Reparatur – der verschollene Begriff

Der Sprachschatz ist eine dynamische Kostbarkeit. Neue Wörter tauchen auf, manches verschwindet in der Versenkung. Was früher war, ist heute verschollen. Die Wählscheibe zum Beispiel, das mit dem Aussetzen der Wehrpflicht verschwundene Kreiswehrersatzamt oder der robuste Mittelläufer, der im heutigen Fußball gerne paarweise als Doppel-Sechs auftritt. Es gibt aber auch Worte, die zwar gegenwärtig sind, jedoch im Alltag keine Rolle spielen. Reparatur ist so eins.

Wir erinnern uns: Wenn im vergangenen Jahrtausend etwas kaputt gegangen ist, war das Werkzeug schnell bei der Hand. Geräte waren so gebaut, dass auch Laien Chancen auf erfolgreiche Ausbesserungsarbeiten hatte. Defekte Autos etwa konnte man mit einigen geschickten Handgriffen wieder in Gang setzen. Sie waren einfach und übersichtlich konstruiert – Trabant, Käfer und Ente waren hierfür die Paradebeispiele. Und wenn man die Sache selbst nicht in den Griff bekommen hat, war da immer noch „der Meister“, der die Dinge regeln konnte. Ziel aller Bemühungen war es jedenfalls, dass man eine Sache nur im äußersten Notfall in die Mülltonne geworfen hat.

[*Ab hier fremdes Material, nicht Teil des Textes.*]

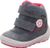 blau/pink (8000)
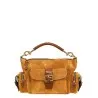 Chloé Camera Bag Shoulder Bag - CHLOE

Wie sich die Zeiten geändert haben. Eine Studie von Umweltbundesamt und Öko-Institut hat ergeben, dass immer mehr große Haushaltsgeräte wegen Mängeln frühzeitig kaputt gehen. Der Anteil von Kühlschränken oder Waschmaschinen, die nach nicht einmal fünf Jahren aufgrund ei­nes Defekts ausgetauscht wurden, stieg von 2004 bis 2012 um mehr als das Doppelte von 3,5 auf 8,3 Prozent. Man nennt es auch „Sollbruchstelle“. Nehmen wir Smartphones: Wenn etwas repariert werden soll, ist der Preis derart hoch, dass sich die Aktion nicht lohnt. Eine Tintenpatrone ist kaum billiger als ein neuer Drucker.

Allerdings ist das vielen Verbrauchern ganz recht. Wer immer die jeweils neueste Technologie will,  entsorgt eben auch Geräte, die einwandfrei funktionieren.

Dieser Gesellschaft fehlt es an der Treue. Was heute top ist, langweilt spätestens übermorgen. Das ist der so genannte Megatrend. William Shakespeare sah das noch ganz anders: „Dem traue nie, der einmal Treue brach.“ Sympathisch eigentlich, aber das war spätes 16. Jahrhundert. Heute ist Container.